AnxietyRanger
Well-Known Member
You can keep piling on sensors. Add thermal imaging. Add microphones. The question is: how many people will die because you waited three years for your sensor suite to be cheap enough to include in a $35,000 car? If Tesla’s Hardware 2 suite enables full self-driving at 10x average human safety, isn’t that good enough to deploy?
Well, first of all, as a customer of Model S/X, I naturally have a higher price-point in mind than $35,000. Tesla certainly could afford to add more redundancy in a higher-priced car. If they want to do everything by the lowest common denominator, they will hurt for it eventually.

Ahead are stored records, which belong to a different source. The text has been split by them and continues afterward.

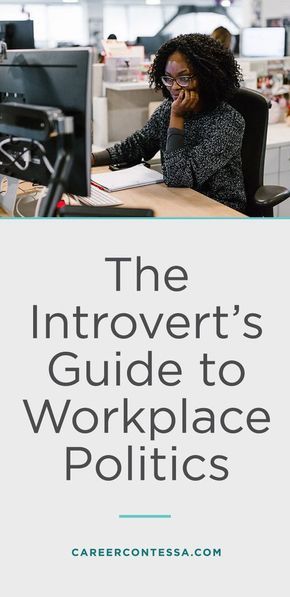 Susan Cain’s book, Quiet: The Power of Introverts in a World That Can’t Stop Talking, touches on the rise of the Extrovert Ideal and how it’s filtered into and influenced the structure of the workplace—and how introverts have become undervalued in the process. Here, you’ll find a guide to help introverts survive and thrive in the workplace. | Career Contessa Quiet The Power Of Introverts, Power Of Introverts, The Power Of Introverts, Career Contessa, Business Management Degree, Susan Cain, Introvert Problems, Harvard Business School, Business Degree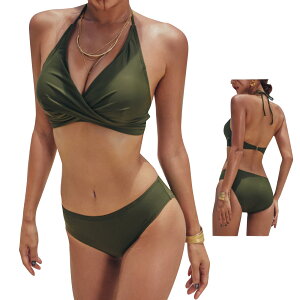 yz[RONGUI] rLj fB[X  ̌^Jo[   A_[ z^[lbN pbh u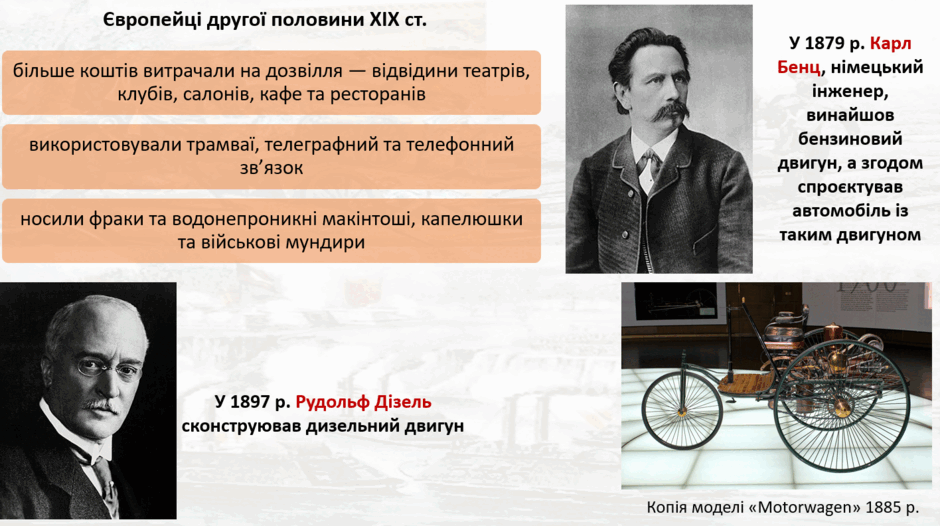 11005o5y-5a5e-940x526.png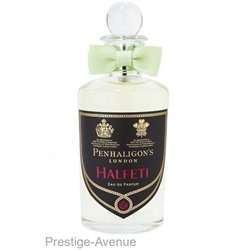 Тестер: Penhaligons Endymion for Men 100 мл.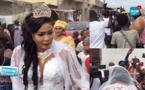 Mariage Buzz de Soumboulou, Magal de Sokhna Aïda Diallo, Corps découverts à Mbeubeuss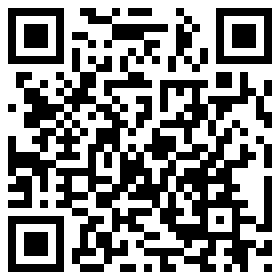 qrcode für Siemens 3VA11405ED320AA0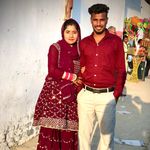 Ajay banga - @bangaajay522 - Instagram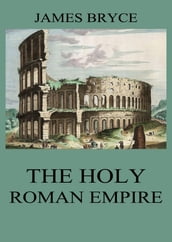 The Holy Roman Empire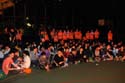syd2010_394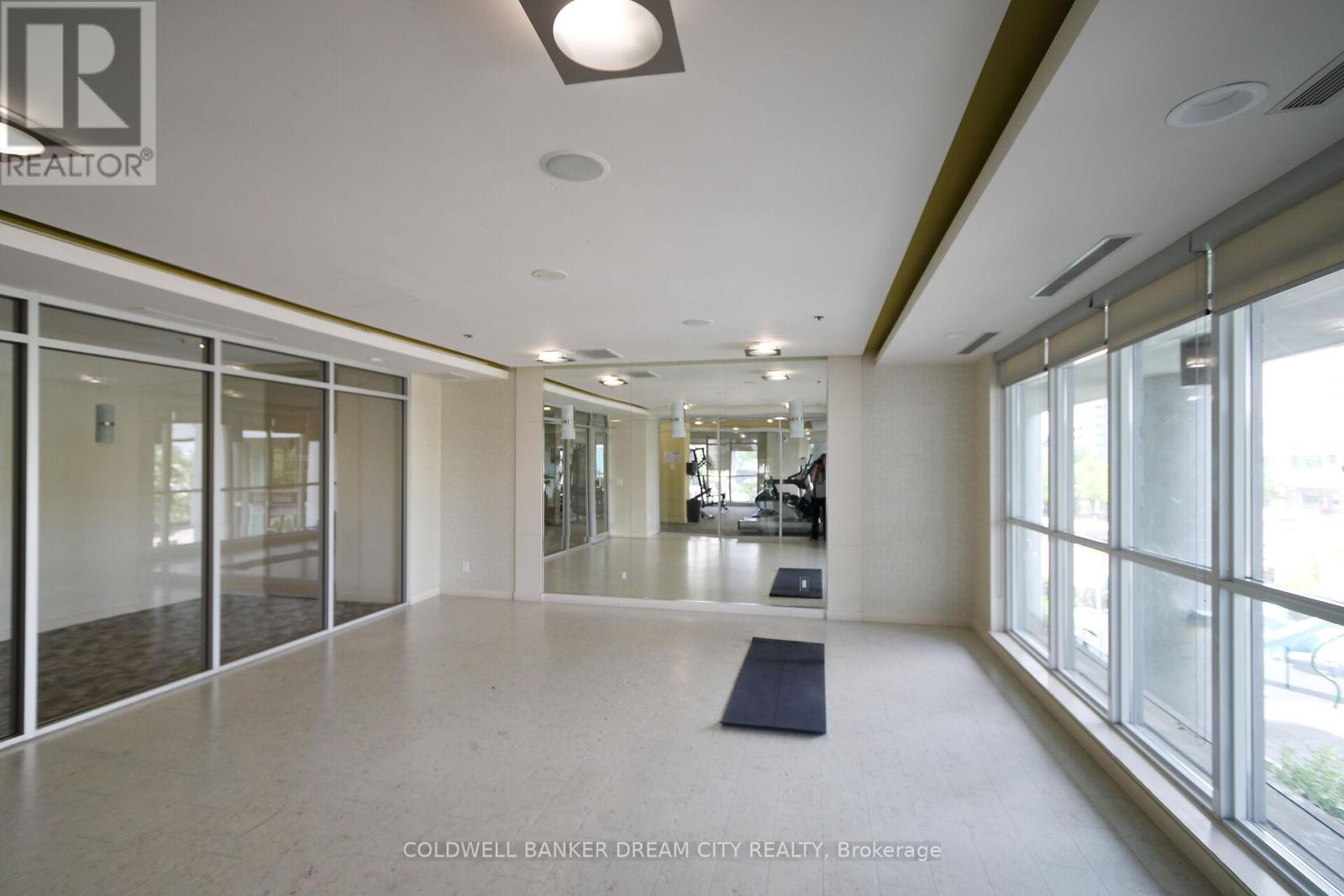 1106 - 60 Town Centre Court, Toronto (Bendale), Ontario  M1P 0B1 - Photo 30 - E12446643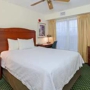 Homewood Suites by Hilton Providence-Warwick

The other question is, how much can autonomous progress be delayed if regulation or public perception is hurt by some spectacular crash in an autonomous car that wasn't redundant enough? I do get the benefit of Silicon Valley's rapid iteration and quick/dirty agility, but it has its downsides.
And even on its upsides I can see them totally iterating on this. So I expect even Tesla will keep piling on sensors, probably even to Model 3. What we got as an AP2 was the cheapest possible bare minimum for some kind of self-driving at the time. Not even Tesla is aiming at 10x for AP2/2.5. The figure they have been using is at least 2x as safe. (I don't blame someone for being confused as Tesla has been using the 10x figure carelessly, perhaps intentionally muddying the picture, but really when it comes to AP2 specifically, they have been more carefully to say twice as...)
That said, I think there is real, genuine concern that AP2 will not be anywhere near 2x as safe as humans, nor get regulatory FSD approval, in many conditions around the world. Perhaps it will in some fair-weather states. Last year we were told AP2 could be summoned from the other side of the country, drive without a driver to pick you up. I have a seriously hard time seeing that happening if the trip included, say, winter weather without a person in the car to clean it up.
AP2 has no long-distance or high-speed redundancy towards the sides or in the rear. It has no mechanism to clean (other than heating) five of its cameras, including the serious dirt-magnet that is the rear-camera.
So, consider me sceptical that this suite would somehow be optimal (or perhaps even sufficient) for Level 5 capability (as it was advertised by Elon on launch) which is basically driverless driving in most conditions. For Level 5, we will likely need much more redundancy.
To summarize, the choice is not between e.g. lidar or no lidar. It’s between deploying self-driving hardware in 2016 or in 2019 (or later). You can always add lidar later. But you can’t deploy in 2016 with lidar.
But that's not the argument. The argument is, could you have added rear and side long-distance redundancy in 2016. Yes, totally. By adding corner radars. Lidar is a red-herring.